7.1 Global Variable Consensus
Corresponding to the distribution across samples in the next chapter.
Consider the problem with one single objective function, but can be distributed into several parts:
\[minimize \quad f(x) = \sum_{i=1}^{N}f_{i}(x)\]We can always extend the definition of the function $f_{i}$ to be plus infinity if x is out of its domain. The advantage of ADMM is that each split of the objective function could be implemented into different processors, such that the algorithm could run in parallex.

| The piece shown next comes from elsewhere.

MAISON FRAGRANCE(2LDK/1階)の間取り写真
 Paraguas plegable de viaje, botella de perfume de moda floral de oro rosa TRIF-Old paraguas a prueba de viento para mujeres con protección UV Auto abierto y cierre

Then we can rewrite the problem into a global consensus problem (since that the constraints are that all the local variables should agree) :
\[\begin{align*} &minimize \quad \sum_{i=1}^{N}f_{i}(x_{i}) \\ &subject\ to \quad x_{i} = z, \ i = 1, ..., N \end{align*}\]The augmented Lagrangian is :
\[\mathcal{L}(x,z,y) = \sum_{i=1}^{N}f_{i}(x_{i}) + y_{i}^{T}(x_{i}-z) + (\rho/2)\|x_{i} -z \|_{2}^{2})\]The updates of ADMM will be :
\[\begin{align*} &x^{k+1}_{i} := \arg\min_{x_{i}} (f_{i}(x_{i}) + y_{i}^{kT}(x_{i}-z^{k}) + (\rho/2)\|x_{i} -z^{k} \|_{2}^{2}) \\ &z^{k+1} := \arg\min_{z} \sum_{i=1}^{N}(y_{i}^{kT}(x_{i}^{k+1}-z) + (\rho/2)\|x_{i}^{k+1} -z \|_{2}^{2}) \\ &y^{k+1}_{i} := y^{k}_{i} + \rho(x^{k+1}_{i}-z^{k+1}) \end{align*}\]The update of z could be further simplified by :
\[\begin{align*} z^{k+1} &= \arg\min_{z} \sum_{i=1}^{N}(y_{i}^{kT}(x_{i}^{k+1}-z) + (\rho/2)\|x_{i}^{k+1} -z \|_{2}^{2}) \\ &= \arg\min_{z} \sum_{i=1}^{N} - (y_{i}^{k} +\rho x_{i}^{k+1})^{T}z + (\rho/2)Nz^{T}z \end{align*}\] \[z^{k+1} = (1/N)\sum_{i=1}^{N}(x_{i}^{k+1} + (1/\rho)y_{i}^{k})\]we can further simpliy it by introcuding the notation of averages:
\[z^{k+1} := \bar{x}^{k+1} + (1/\rho)\bar{y}^{k}\] \[\bar{y}^{k+1} := \bar{y}^{k}_{i} + \rho(\bar{x}^{k+1}-z^{k+1}) = 0\]So we have :
\[z^{k+1} := \bar{x}^{k+1}\]Finally we have the ADMM updates:
\[\begin{align*} &x^{k+1}_{i} := \arg\min_{x_{i}} (f_{i}(x_{i}) + y_{i}^{kT}(x_{i}-\bar{x}^{k}) + (\rho/2)\|x_{i} -\bar{x}^{k} \|_{2}^{2}) \\ &z^{k+1} = \bar{x}^{k+1}\\ &y^{k+1}_{i} := y^{k}_{i} + \rho(x^{k+1}_{i}-\bar{x}^{k+1}) \end{align*}\]7.2 Sharing
Corresponding to the distribution across features in the next chapter.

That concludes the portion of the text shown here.